3D Printing Analysis within NX.
When you take a part out of the CAD tool and send it to a 3D printer, it will print that shape closely to what you have in CAD. The problem is, especially with metal components, when you heat up the powder with the laser or other such mechanisms, the temperature of that material is very high. It shrinks as it cools and depending on the geometry that you have of your shape it can cause warpage and cracks. It’s akin to the reverse engineering of plastic within a mold. You need to take shrinkage and weld marks into account, and there are good tools out there for that, but it’s a little more complex because your 3D shape isn’t just the design geometry, there are supporting structures to make sure it’s feasible to actually make the part.
When thinking about this from an engineering physics perspective, this is a very complex transient heat transfer analysis and structural analysis that is coupled with structures because heat is going to transfer out into the powder. It can actually help cool it off faster or it can hinder the cooling of it.
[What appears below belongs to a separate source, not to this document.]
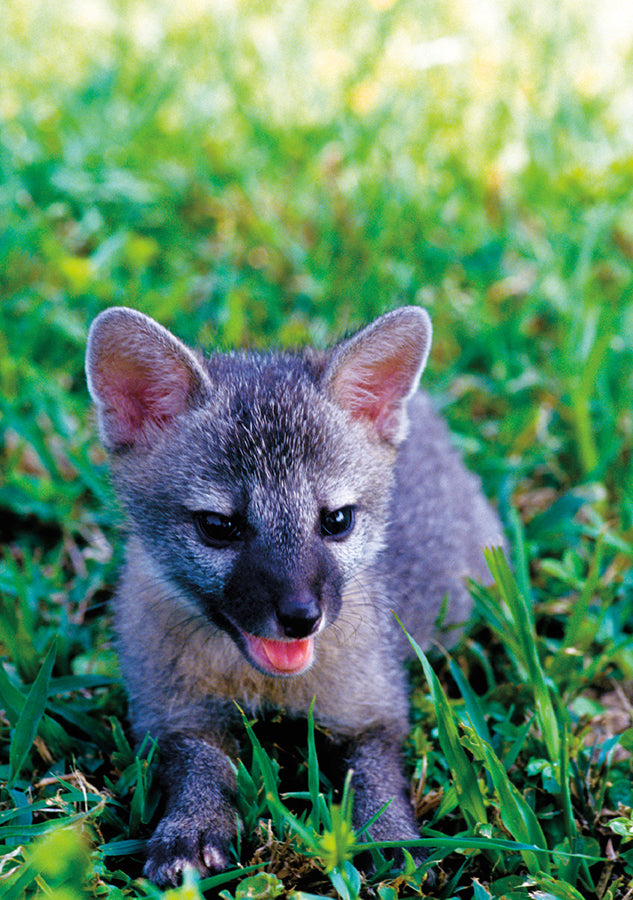 baby gray fox animal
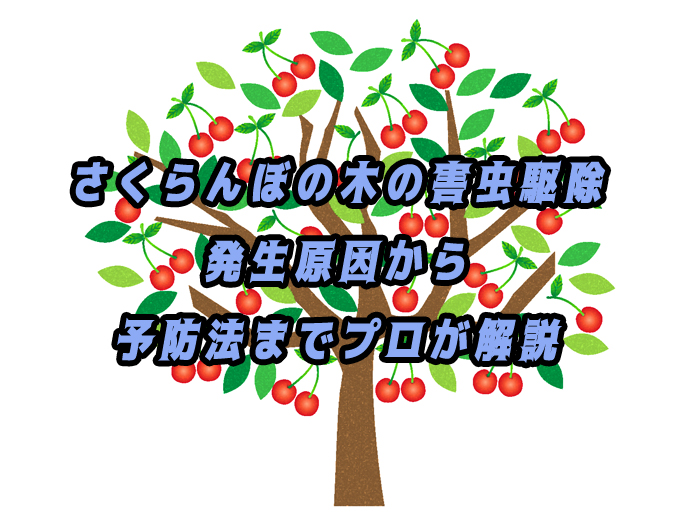 さくらんぼの木の害虫駆除|発生原因から予防法までプロが解説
Heat transfers into the supporting structures for the component making this far more complex than reverse engineering thermal analysis with a couple of structure analysis.
Because of this, Siemens, with their simulation and test capabilities, have made lots of acquisitions over the past few years, bringing together different components of that to make this more accurate and to run these analyses with higher fidelity. They’ve been able to develop a picture of how a component will cool off and shrink and warp over time. That is what they take and reverse engineer, not the whole thing at one temperature and shrinking all at once.
It’s a very interesting and very powerful capability. This is very different from what NX typically produces. This is an interesting new capability to do 3D printing and reverse engineering analysis in order to help their users get a more accurate model or part.